An Electronic Alternative
When Ansaldi heard about another Massachusetts town using an electronic voting system during Town Meeting, he was intrigued. Hand-held clickers could accelerate the voting process and eliminate the delays that occur when close votes require a hand recount (which could take 20-30 minutes per vote). But Ansaldi had a serious concern: New England Town Meetings are traditionally very public events. Everyone present can see how everyone else votes—and many New Englanders consider this an important aspect of Town Meeting.
“Some residents really don’t want votes to be anonymous,” says Ansaldi. “They want to see how their neighbors vote. You can see them writing little notes about how people voted. Sometimes we do hold secret ballots, but that’s an exception that only happens when a sufficient number of people call for it.” The software can be configured for public voting option easily and switch back to anonymous whenever needed.
In his early research into electronic voting systems, Ansaldi could see that certain vendors promoted the security and anonymity of their software. But for the citizens of Wenham, that wasn’t a benefit. Clickers might speed the completion of Town Meeting, but the public accountability would be lost.
An Identifiable Voting Option
When Ansaldi discovered Meridia’s EZ-VOTE solution, though, that concern vanished. EZ-VOTE can be set up for anonymous or user-identified vote tabulation. As residents arrived for Town Meeting, registrars provided them with wireless clickers whose ID numbers were entered next to their names in a spreadsheet stored on a shared server. The EZ-VOTE software, running on another laptop inside the tent, could import the information from that shared spreadsheet and then project residents’ names on a large voting tabulation screen for all to see. That approach would enable Wenham to hold the publicly-accountable Town Meeting that residents wanted while also enabling town administrators to conduct the meeting in a minimal period of time.

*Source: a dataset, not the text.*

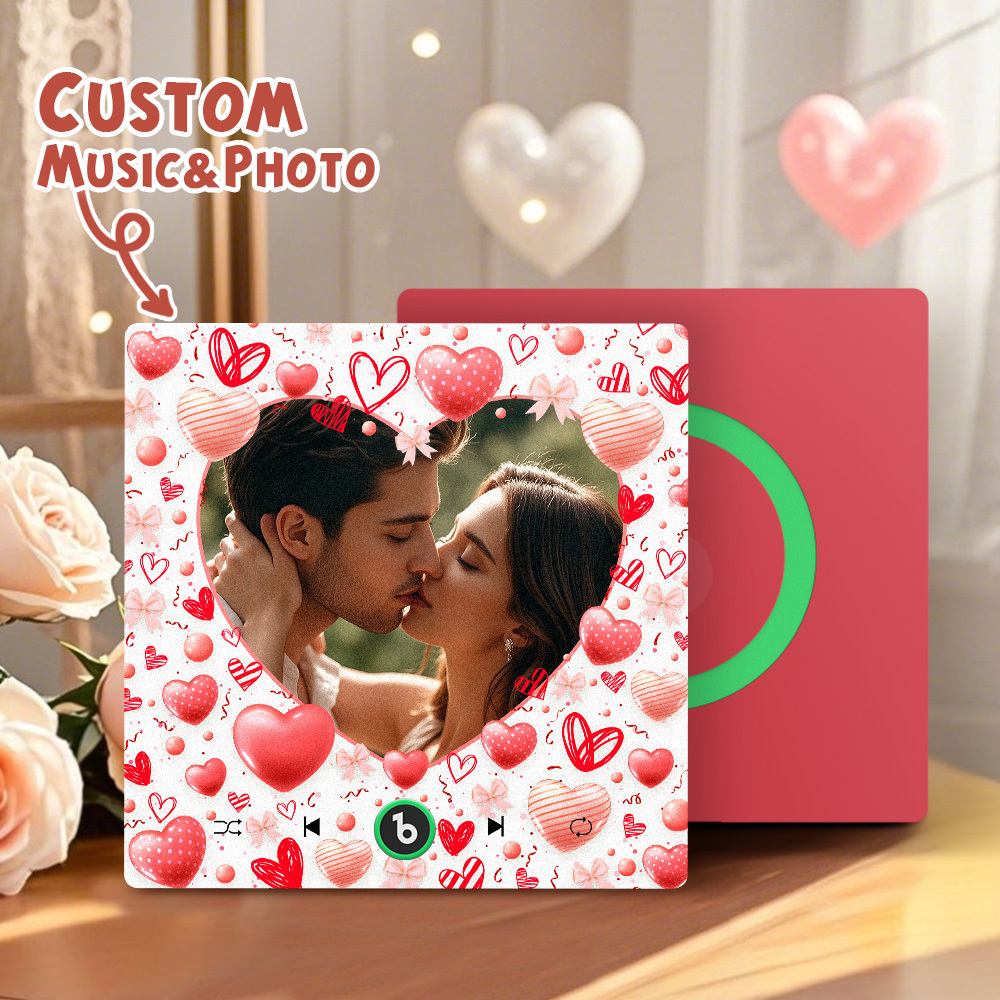 Custom Music Fridge Magnets Custom Music Fridge Magnet Colorful Frame Album Fridge Magnet Can Play Songs Gift for Lover - PhotoMoonLamp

“The value of EZ-VOTE was evident immediately,” Ansaldi says. “Everyone in town knew how long votes usually took, but with EZ-VOTE we had a complete and accurate vote count in, literally, 30 seconds. And even when the vote was close there was no question about its accuracy. There were no calls for hand recounts that could have taken half an hour to complete.”
Indeed, in showing the residents of Wenham how to use the clickers, the Interim Town Moderator directed them to look at the screen to see how their practice votes were associated with their name on the screen. Everyone could see that the screen reflected the vote they had cast, which created confidence in the system from the start.

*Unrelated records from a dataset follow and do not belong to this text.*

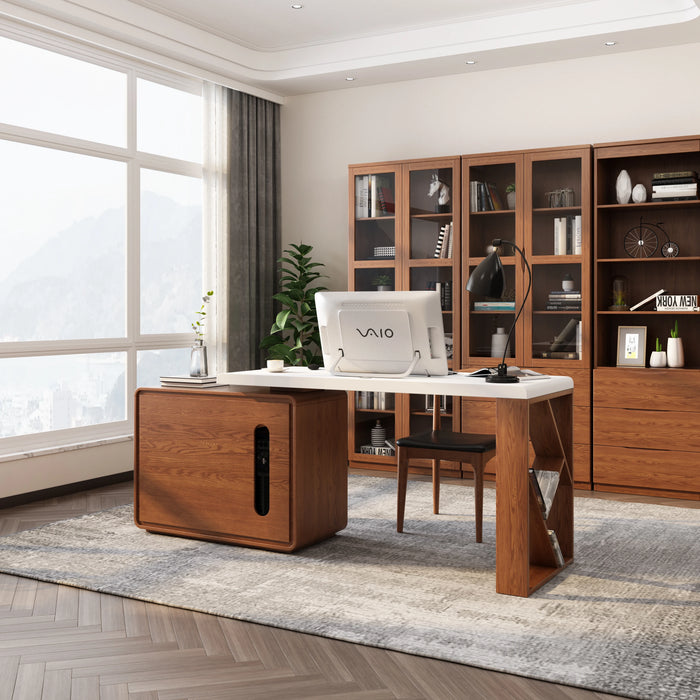 Modern Office Furniture Professional Extendable Wooden Stand Executive Office Desk Computer Table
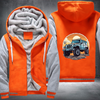 Beach Escapades in 4x4s Fleece Hoodies Jacket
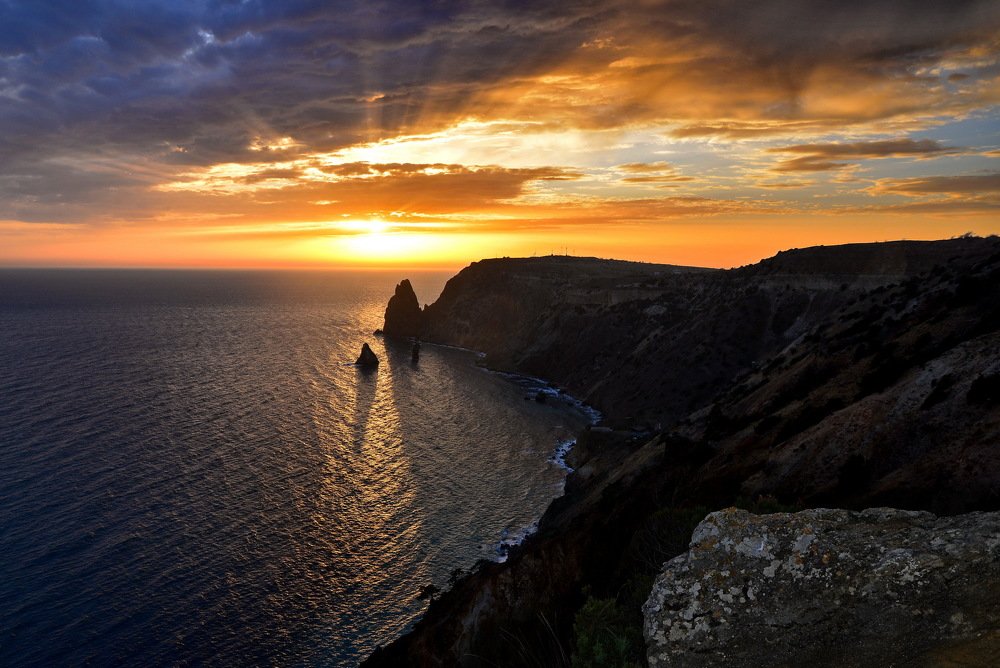 Закат у мыса Фиолент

“Instead of having a Town Meeting that carried on for three or four hours,” says Nicole Roebuck, Executive Assistant to the Wenham Town Administrator, “we were done in a little over an hour. We even recorded the whole event on YouTube so that residents who did not want to come out could see how the meeting went and how residents voted.”
“My sense is that the residents of Wenham will continue to use the EZ-VOTE system even when we don’t need to worry about the pandemic and social distancing,” says Ansaldi. “People like the Town Meeting process, but they’d rather get it done in one hour rather than four. Time is precious, and in the past we were asking them to give up a full evening or a Saturday afternoon to participate. EZ-VOTE definitely helped address a public health problem brought on by the pandemic, but it has also shown a new way to conduct Town Meetings and I think people are very excited by that.”